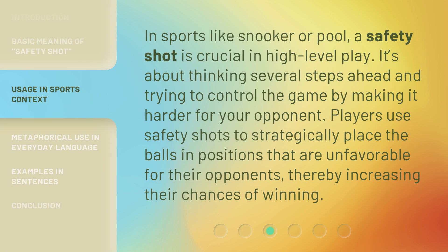In sports like snooker or pool, a safety shot is crucial in high-level play. It's about thinking several steps ahead and trying to control the game by making it harder for your opponent. Players use safety shots to strategically place the balls in positions that are unfavorable for their opponents, thereby increasing their chances of winning.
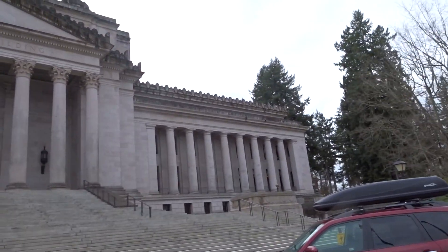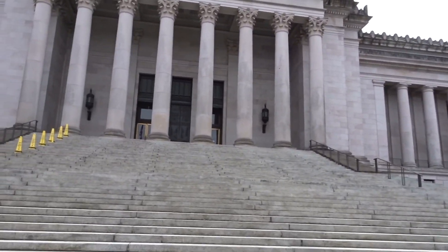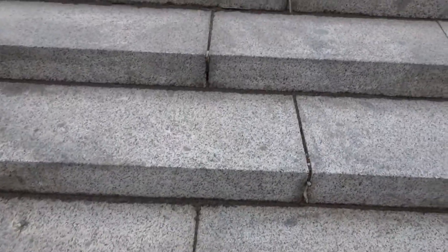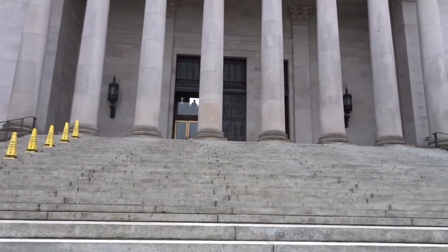We think this is the front of the building — there are doors there. It could be the back or the side, but we're gonna assume it's the front. We're going to walk up the steps and go inside. Not sure if we can record inside, but let's go.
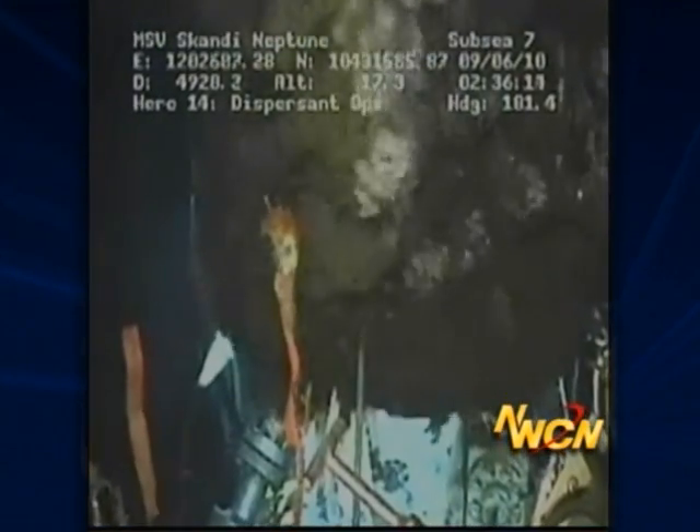They've also played a role in following such things as the underwater plume of oil droplets that occurred during the Deepwater Horizon event in the summer of 2010.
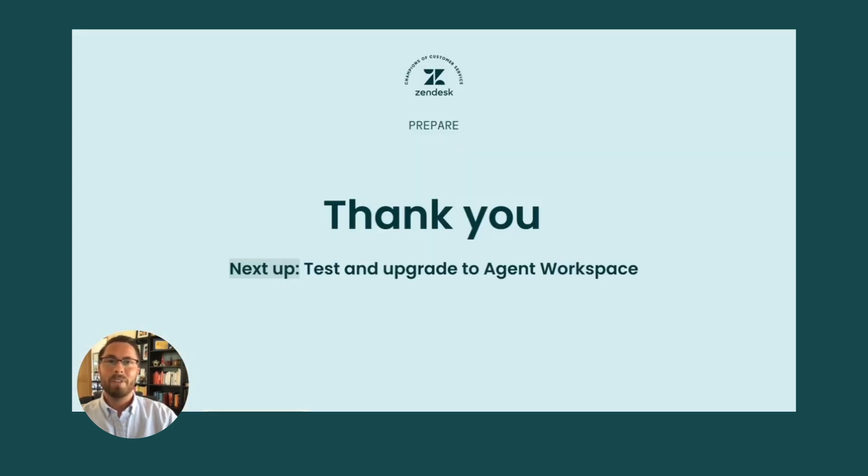You're almost ready. You can find all of the resources we just went over in our Help Center. If you have any questions, you can always contact our customer care team or your Zendesk representative. Stay tuned for our next video where I'll walk you through how to test and upgrade to Agent Workspace.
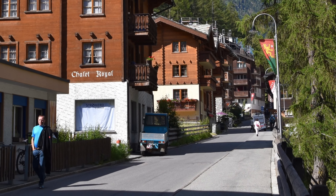For more videos from Zermatt and cool places around the world, visit our webpage allthegoodyes.com. Please subscribe to our YouTube channel All the Goodies by pressing our logo. Thank you.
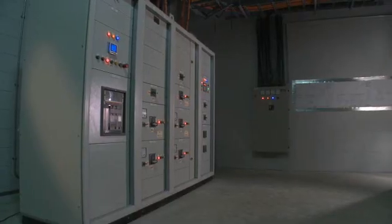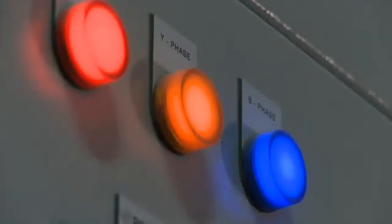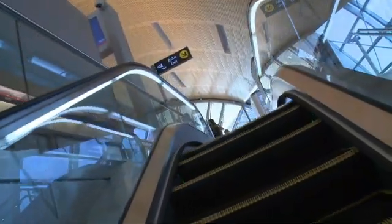An ABB system automatically monitors and controls the grid that feeds power to the metro. In the stations, ABB equipment manages the distribution of power to the low-voltage network, which feeds the lighting,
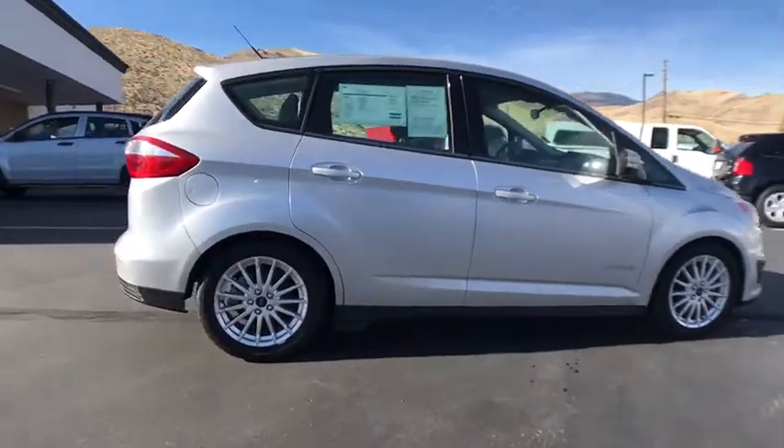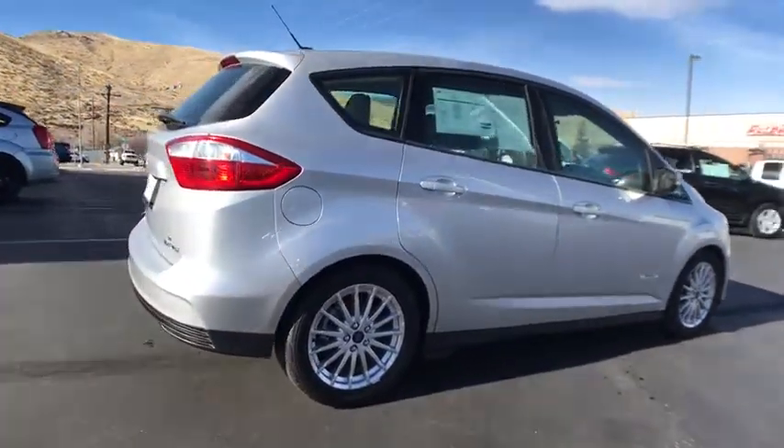This vehicle has less than 45,000 miles. Here are some of this vehicle's great options.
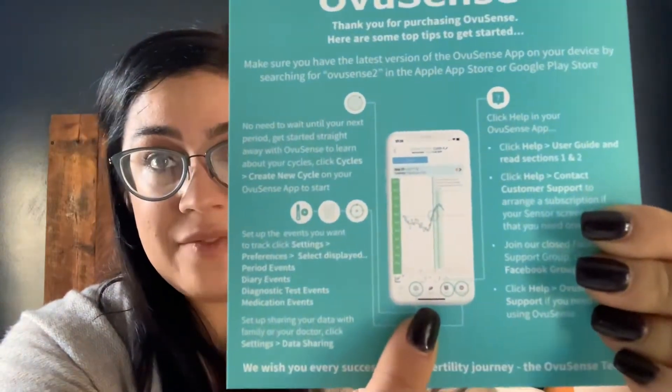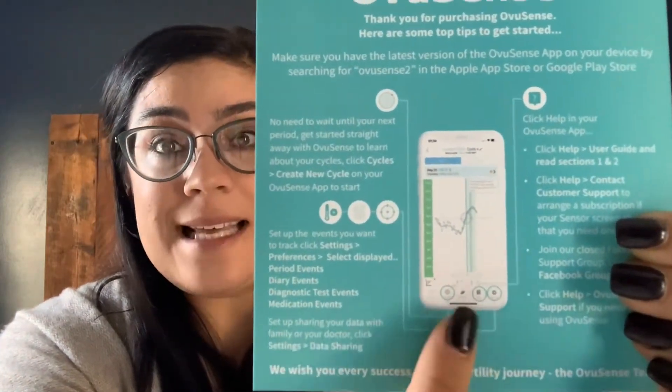When you connect it to your device, it sets up in an app — you'll want to make sure the Obvious Sense 2 app is the one you've downloaded, available in the App Store and Google Play Store. You also don't have to wait until your next period to get started. If you're not bleeding, just pop it in tonight. It will start tracking your cycles right away so you can get a better, quicker reading on where you are in your cycle and what's going to be happening over the next few days, weeks, and throughout the month.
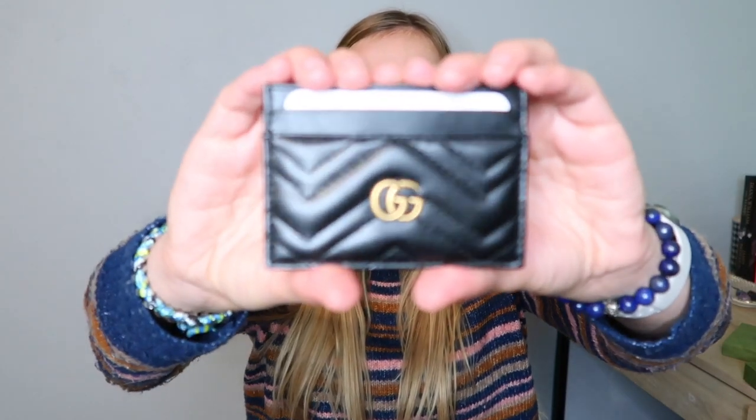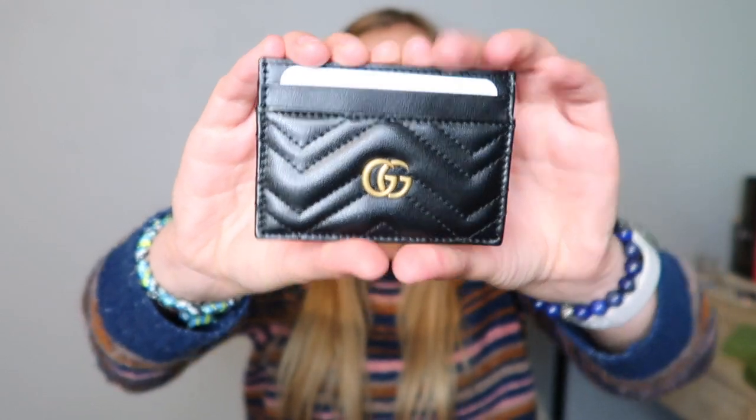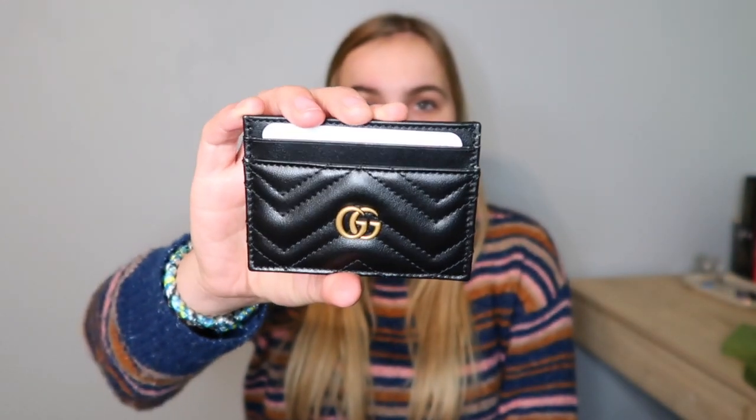This card holder is just so beautiful, I love it so much. It was $340 and I got it in the Gucci store in person. I know if you order online there's more tax, but I'm really happy I was able to get it in store because it is so gorgeous.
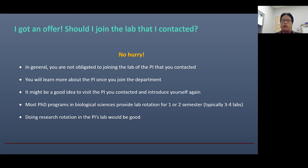It's good to do a research rotation in the PI's lab that you contacted — there's nothing wrong with that. During the rotation, you will have enough chance to think about whether the lab is a good fit for you. Of course, the PI will also think about whether you are a good fit for their lab. So this is mutual — you think about the PI and joining their lab, and the PI also thinks about whether you will be a good fit. This is a mutual approach.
-- -- --
Work to be completed. Please output the lines above beginning at the line with "For more videos" and ending after the line with "This card holder", precisely as written and with no pictures.

Worked solution.
For more videos from Zermatt and cool places around the world, visit our webpage allthegoodyes.com. Please subscribe to our YouTube channel All the Goodies by pressing our logo. Thank you.
An ABB system automatically monitors and controls the grid that feeds power to the metro. In the stations, ABB equipment manages the distribution of power to the low-voltage network, which feeds the lighting,
This vehicle has less than 45,000 miles. Here are some of this vehicle's great options.
When you connect it to your device, it sets up in an app — you'll want to make sure the Obvious Sense 2 app is the one you've downloaded, available in the App Store and Google Play Store. You also don't have to wait until your next period to get started. If you're not bleeding, just pop it in tonight. It will start tracking your cycles right away so you can get a better, quicker reading on where you are in your cycle and what's going to be happening over the next few days, weeks, and throughout the month.
This card holder is just so beautiful, I love it so much. It was $340 and I got it in the Gucci store in person. I know if you order online there's more tax, but I'm really happy I was able to get it in store because it is so gorgeous.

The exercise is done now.